Hey there, happy Sunday!

Here are 10 things for writers this week:

  1. A fun new podcast I found this week: And the Writer Is… introduces listeners to the songwriters behind today’s biggest hits, and gives them the spotlight they deserve (but do not usually care about). Best episode so far (which I cannot link to directly, so go to the website above): #9, with “Teenage Dream” and “California Gurrls” writer Bonnie McKee, which you should cross-reference with the Bridge section of The Song Machine if you liked that feeling after watching The Butterfly Effect. (You may also consider taking a playlist of songs Bonnie wrote on your next run. Good times, friends.)
    + Why do I run? Colum McCann put it well: “Very few people talk about it, but writers have to have the stamina of world-class athletes.”
    + Lorde on “Teenage Dream”: “There’s this sadness about it, where you feel young listening to it, but you feel impermanence at the same time. When I put that song on, I’m as moved as I am by anything by David Bowie, by Fleetwood Mac, by Neil Young. It lets you feel something you didn’t know you needed to feel.” She regarded me closely.
    “There’s something holy about it.”
    What’s your best misheard lyric? (I spent the entirety of the 90s convinced that Michael Jackson and LTB were “not gonna spend my life being a cola.” Which made complete sense because of the Pepsi commercial.)
    + Can we be done with #1 now? Here’s one more:
    Switched On Pop is another great podcast if you’re interested in how #1 hits work, from the lyrics onward. I don’t understand music well enough to know what they’re talking about most of the time, but I do love Top 40 (…obviously), and these two hosts are clearly masters of their craft. Their conversations are riveting.
  2. A great find for my fellow small business owners: online entrepreneur and teacher Regina Anaejionu is converting her entire library of paid courses into free-for-alls to help you build your brand and your company. You can follow her daily journal about the transition starting here, check out her previously-paid-but-now-free courses, and keep an eye out for her forthcoming book, Hashtag Fail: A Business Memoir of Success.
  3. 9 books that will give you something to talk about at any cocktail party. (#4 on their list is #1 on mine.) (Thanks, Dad!)
  4. My favorite online read this week: “Word length, grammar, typeface, first person, who cares? It’s like debating shades of white in a paint store: it really doesn’t matter at the end of the day. White paint is white paint. Good is good.” Paul Jarvis (who just got a book deal!) on writing good vs. writing well.
  5. This shirt felt like a challenge for writers. I ordered it immediately. (My husband has the men’s version.)
  6. Bestselling author and Love Your Work host David Kadavy wants to help you get your art done, so on May 8, he’s going to start writing his next book, Getting Art Done. Want to receive a chapter a day all the way through his writing process? You can! (I love this idea.) Sign up here to get onboard before the deadline, and you’ll get first access to his “make creative breakthroughs happen on demand” formula. Can’t wait. (David also has a great reading recs email list, which I’ve enjoyed since the beginning.
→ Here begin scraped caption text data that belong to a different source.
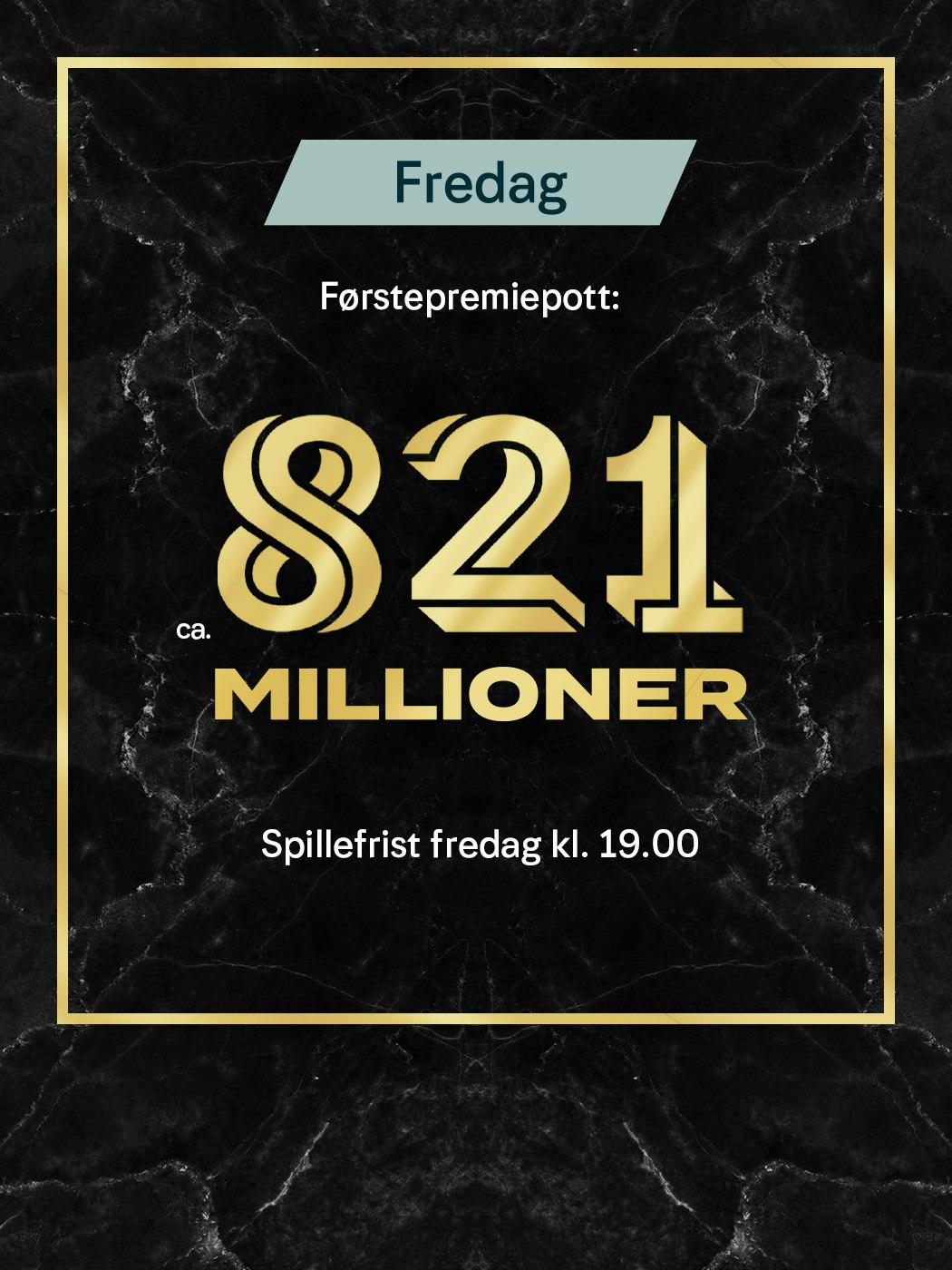 Eurojackpot fredag, Førstepremiepott ca. 821 millioner. spillefrist fredag kl. 19:00. spill Eurojackpot her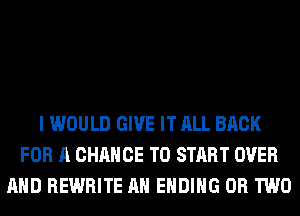 I WOULD GIVE IT ALL BACK
FOR A CHANCE TO START OVER
AND REWRITE AH ENDING OR TWO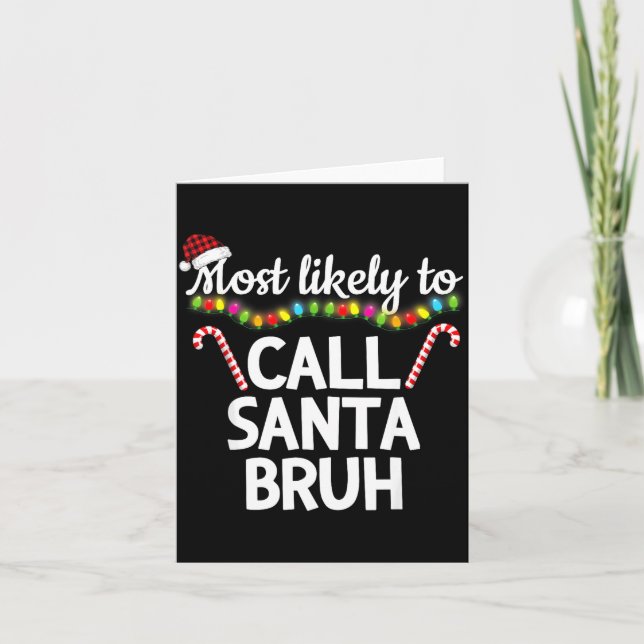 Cartão Most Likely To Call Santa Bruh Funny Christmas Paj (Frente)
The latest issue includes a rave review for To Show and to Tell, which is a solid resource for anyone wanting to write amazing personal essays.)
  7. “Somewhere at Google there is a database containing 25 million books and nobody is allowed to read them.”
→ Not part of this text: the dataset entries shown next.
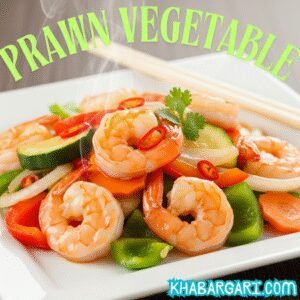 PRAWN VEGETABLE(1:3)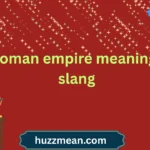 roman empire meaning slang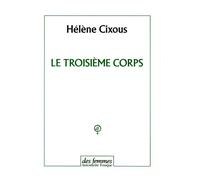 Le troisième corps - - Hélène Cixous - Des Femmes - Antoinette Fouque - Livre
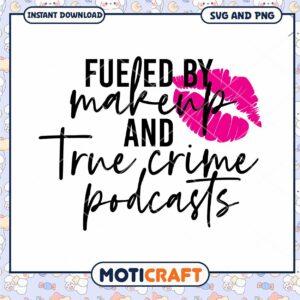 Makeup & True Crime Podcast SVG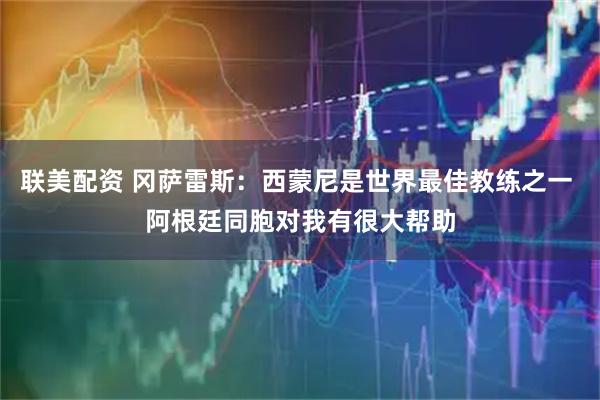 联美配资 冈萨雷斯：西蒙尼是世界最佳教练之一 阿根廷同胞对我有很大帮助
  8. “When we talk about movies and TV, we usually fixate on actors and directors — but without writers, the whole ship goes down.” From Vox, an overview of why Hollywood’s writers are on the verge of a strike — and what it means for writers everywhere.
    + “I voted for a Hollywood writers’ strike, but I don’t want one.”
  9. It’s not too late to sign up for Start Writing Fiction, a (free!) university class delivered courtesy of FutureLearn. I like what this site offers: a diverse library of courses from accredited universities and specialist organizations. All online, all free. (The University of Warwick’s Shakespeare and His World class looks pretty good, too.)
  10. Emily Gould: How much my novel cost me.”